Due to the fact that The Road Out is nearing completion, I have found myself requiring a new outlet for my creative urges.
The long, slow process of editing does not demand much from the author in the way of creativity, it is purely a mechanical task. Indeed, I have found that if I open up the creative side while engaged in editing, there emerges the very real risk of endless re-writes; leading down the treacherous path toward non-completion, something that I am determined to avoid.
Thus it is that I have started to pull together the bare bones of a new project.
Something as long and arduous as writing a ten book saga will take a sizable amount of time to complete, and I have settled on writing just one of those books a year.
I am a prodigious writer; it consumes me whenever I sit down and I recognize that sticking to just the one project for ten books would open me to becoming linear, monotone and formulaic.
The new project, which is to be called Black, came to me while driving, as usual.
It is to be more towards the line of a psychological thriller, with a plot trailing into the distance from an opening scene that has engaged me from the get go.
The short synopsis is half done and is waiting for the character chart to be completed for the two main protagonists.
The hero is still a whisper on the wind at the moment, but the villain has revealed himself in some detail.
His motivation is the current focus, and that got me wondering about something; a reflection on the world at large, as it were.
Reasons to hate the world as it is and want to destroy the current structure are bountiful.

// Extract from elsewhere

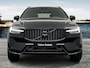 Volvo XC60 T6 398PK Recharge Black Edition Ultra| Pano| Luchtvering| 360 Camera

There’s the usual suspects; politics, religion, racism, vendettas and wars of the past, all intertwined in a twisted ball of evil from which a villain can draw his motivation for his dastardly deed and work his master plan towards fruition.
This intertwining is causing an interesting development in the art of story telling, though.
As the world continues on in its way, the source of a villain’s motives are growing, but the heroes ideals are becoming ever more elusive.
In times gone by, the hero had clear and pure motives. Indeed, down through history, the good guys were whiter than white and the black the bad guys wore suited them very well.
From the days of Britain’s “Glorious Empire”, the hero would fight for king and country, the evildoer usually a rebel in some far away mysterious land. Everything they did was to fulfill evil ends and when their plans were thwarted with seconds to spare, the good guy would get the girl, the bad guy would fall on his sword and everyone was happy.
When the power paradigm shifted to the United States, the hero fought for the ideals of democracy; truth, freedom and the American way.
The patriotism was outlandish and surreal, at least to me when I was growing up.
An early interest in history and the revelations of the fifty year rule as it passed across the events of the second world war saw the scales fall from my eyes as a young man in his early twenties.
It was a generational thing, though, I was nothing special in that regard.
The Sixties brought rebellion and awareness to a whole generation, ushering in a raft of changes that engaged the establishment in a war to protect its best interests that is still raging today.
So, here we are now, with the heroes of the past trying to hide the copious blood on their hands, the edifices of so-called “Good” too busy securing their ill-gotten gains to even bother hiding the blood on theirs and we as writers are left searching frantically for a way to weave our heroes a believable platform from which they may justify their derring-do.
I guess this is why my hero is still but a zephyr at the moment, whereas my villain is all too real.
We are left with the choice of making our heroes motives very close to home; family to protect, local town to save or even just staying alive in a hostile world, or, have him supporting the crumbling edifices of justifications past and compromising our own basic honesty.
I think I’m going to have to leave the compromise side of things to the generation preceding mine, they have a knack for painting elephants in the room to the point of invisibility whereas I am from the generation that can not only see the elephant, but will be alive long enough to find its presence more than just a little uncomfortable.